Konkurrenz zwischen IS und Al Kaida
Gibt es einen Konkurrenzkampf zwischen Al Kaida und IS? Darüber haben wir mit dem Islamwissenschaftler Marwan Abou-Taam gesprochen. Er ist Terrorismusexperte beim Landeskriminalamt in Rheinland-Pfalz. Grundsätzlich gilt: Für eine Terrororganisation ist es sehr wichtig, dass sie erfolgreich Terroranschläge in westlichen Städten verübt, sagt Marwan Abou-Taam. Nur so könne sie ihren Anspruch geltend machen, Weltpolitik zu machen. Und beweisen, dass sie dazu in der Lage ist.
"Den Wettbewerb zwischen Al Kaida und IS könnte man unter der Überschrift 'Verwaltung der Barbarei' verzeichnen."

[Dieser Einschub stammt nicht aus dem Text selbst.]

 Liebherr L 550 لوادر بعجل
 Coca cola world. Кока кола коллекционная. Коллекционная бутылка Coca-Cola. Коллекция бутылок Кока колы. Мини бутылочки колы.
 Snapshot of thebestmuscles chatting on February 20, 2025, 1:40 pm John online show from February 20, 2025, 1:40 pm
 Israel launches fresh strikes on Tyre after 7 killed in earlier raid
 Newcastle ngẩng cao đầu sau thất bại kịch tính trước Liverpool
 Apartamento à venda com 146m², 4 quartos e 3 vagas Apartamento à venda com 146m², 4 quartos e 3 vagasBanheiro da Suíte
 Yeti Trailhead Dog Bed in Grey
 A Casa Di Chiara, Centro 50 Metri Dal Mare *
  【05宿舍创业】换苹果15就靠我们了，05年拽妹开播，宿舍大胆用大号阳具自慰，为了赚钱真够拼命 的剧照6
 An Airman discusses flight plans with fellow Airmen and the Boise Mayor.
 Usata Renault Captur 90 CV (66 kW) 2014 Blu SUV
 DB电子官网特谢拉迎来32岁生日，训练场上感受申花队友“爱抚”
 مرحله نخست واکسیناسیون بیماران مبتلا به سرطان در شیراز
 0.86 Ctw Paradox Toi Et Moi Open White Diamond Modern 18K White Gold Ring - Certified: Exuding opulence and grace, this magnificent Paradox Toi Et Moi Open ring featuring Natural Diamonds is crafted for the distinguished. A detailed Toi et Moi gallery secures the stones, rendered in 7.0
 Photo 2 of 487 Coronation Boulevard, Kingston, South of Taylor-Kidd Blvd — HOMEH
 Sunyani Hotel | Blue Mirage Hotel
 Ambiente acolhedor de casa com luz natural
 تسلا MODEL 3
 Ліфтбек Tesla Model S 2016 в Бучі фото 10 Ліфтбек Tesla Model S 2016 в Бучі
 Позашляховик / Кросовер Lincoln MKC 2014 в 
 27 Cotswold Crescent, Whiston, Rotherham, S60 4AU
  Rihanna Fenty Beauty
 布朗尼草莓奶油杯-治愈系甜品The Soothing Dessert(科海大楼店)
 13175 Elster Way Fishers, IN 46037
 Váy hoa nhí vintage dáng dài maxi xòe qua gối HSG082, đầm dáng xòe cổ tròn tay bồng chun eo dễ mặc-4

Ideologisch gibt es große Übereinstimmungen zwischen Al Kaida und dem IS. Allerdings unterscheiden sie sich in ihren Methoden und ihrer Taktik. Für die Anhänger des IS ist klar: Al Kaida ist zu intellektuell, redet zu viel und handelt zu wenig. Der IS will dagegen Ergebnisse sehen, hat ein Kalifat ausgerufen und ist dabei, staatliche Strukturen aufzubauen. Was die beiden Terrornetzwerke sonst noch unterscheidet: Dem IS ist es gelungen, die Grenzen der arabischen Staaten zu überwinden, erklärt Marwan Abou-Taam. Ein Schritt, von dem Al Kaida immer geträumt habe.
Die Medienprofis vom IS
Auch beim Umgang mit den Medien und beim Auftritt in den sozialen Netzwerken stellt sich der IS geschickter an. Die Folge: Ihm fällt es leichter, junge Menschen anzusprechen und für den Jihad zu rekrutieren. Und der IS weiß, was seine Zielgruppe sehen will: Videos von direkten Aktionen, statt ideologischer Schriften. Zu all dem kommt: Es ist viel einfacher, sich dem IS anzuschließen als Al Kaida. Einfach weil Interessenten sehr leicht von der Türkei nach Syrien oder in den Irak gelangen können. Weil der IS staatliche Strukturen geschaffen hat, gibt es für Sympathisanten außerdem viele Möglichkeiten, sich zu engagieren. Wer nicht in den Kampf ziehen will, kann sich zum Beispiel in der Verwaltung einbringen und dabei helfen, das Kalifat aufzubauen, sagt Marwan Abou-Taam.